Anonymous wrote:
Anonymous wrote:I'm just running the numbers here. If an average Arlington preschool charges appx $1600/child.
Assume they have three rooms:
2s room with 10 kids
3s room with 20 kids
4s room with 20 kids
So that is 50 kids x $1600/mo = $80,000/mo or $960,000/yr.
Assume rent is 10k/mo so $120,000/yr (and I think that is a high rent estimate - might be way lower if the center is in a church for example).
Assume is it $10/kid/day to feed them, so $500/week, $2000/mo, $24,000/year
Assume an annual insurance premium of $10,000
Assume utility costs of $1000/mo, so $12,000/yr
Assume misc operating expenses of $1000/mo so $12,000/yr
So that is $178,000 before salaries
Assume you paid 9 livable teacher salaries at $60,000 so $540,000/yr
Assume one director salary at $80,000
So 178,000+$540,000+80,000 = $798,000
That still leaves a profit of $162,000 for the owner of the daycare.
That is with a good wage for the teachers and extremely high assumptions for rent, insurance, utilities, and operating expenses.
My point is that it seems like with gross profit of $960,000/yr, there is a decent cushion to pay the teachers better. Instead, daycare owners seem to be chintzing these poor teachers on salary. No wonder there is so much turnover.
Maybe find a less racist term to use for your argument[/quote]
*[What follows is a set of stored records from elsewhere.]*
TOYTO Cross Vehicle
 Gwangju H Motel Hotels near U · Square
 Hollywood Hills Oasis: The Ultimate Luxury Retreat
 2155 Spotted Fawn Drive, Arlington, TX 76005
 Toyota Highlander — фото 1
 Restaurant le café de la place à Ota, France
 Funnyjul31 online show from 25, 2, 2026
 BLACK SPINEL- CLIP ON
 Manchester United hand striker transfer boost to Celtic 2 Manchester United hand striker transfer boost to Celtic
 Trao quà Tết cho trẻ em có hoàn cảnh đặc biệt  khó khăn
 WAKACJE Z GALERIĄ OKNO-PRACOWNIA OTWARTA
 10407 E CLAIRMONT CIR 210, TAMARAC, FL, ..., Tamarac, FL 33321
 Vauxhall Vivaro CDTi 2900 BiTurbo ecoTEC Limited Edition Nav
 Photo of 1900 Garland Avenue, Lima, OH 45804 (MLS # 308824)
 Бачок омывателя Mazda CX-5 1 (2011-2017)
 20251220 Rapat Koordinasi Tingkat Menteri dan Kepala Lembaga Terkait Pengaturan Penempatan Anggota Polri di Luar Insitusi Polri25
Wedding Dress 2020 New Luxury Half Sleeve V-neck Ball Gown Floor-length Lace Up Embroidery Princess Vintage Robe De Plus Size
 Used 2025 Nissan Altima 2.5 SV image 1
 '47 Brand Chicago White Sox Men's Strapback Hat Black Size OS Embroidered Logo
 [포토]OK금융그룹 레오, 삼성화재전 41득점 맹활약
I'm not PP, and don't regularly use that term, but I'm interested in whether others consider this term racist. It derives from the word "chintz" which is a type of light-weight type of cotton fabrci, with the implication that if you're using chintz rather than something like silk or velvet, you are taking a cheap option. I looked it up after seeing PP's thread, and apparently the word is a derivation of a Hindu word, as the fabric was typically made in India in the 17th to 19th century. According to Wikipedia, British mill operators were less than pleased with its importation, because they could not compete with it. (Ah, trade wars....). So they may have started using it as a derogatory term to mean "cheap" in order to protect their own domestic product. But that doesn't make the term racist, does it -- it doesn't seem to imply that a particular group is likely to be cheap (unlike the term "scotch-tape", which I think we're all comfortable with despite it slamming the Scots)? I think chintz fabric continues to be a cheaper option as compared with other potential upholstery/drapery fabrics, so the meaning to refer to a cheaper option would still appear to hold.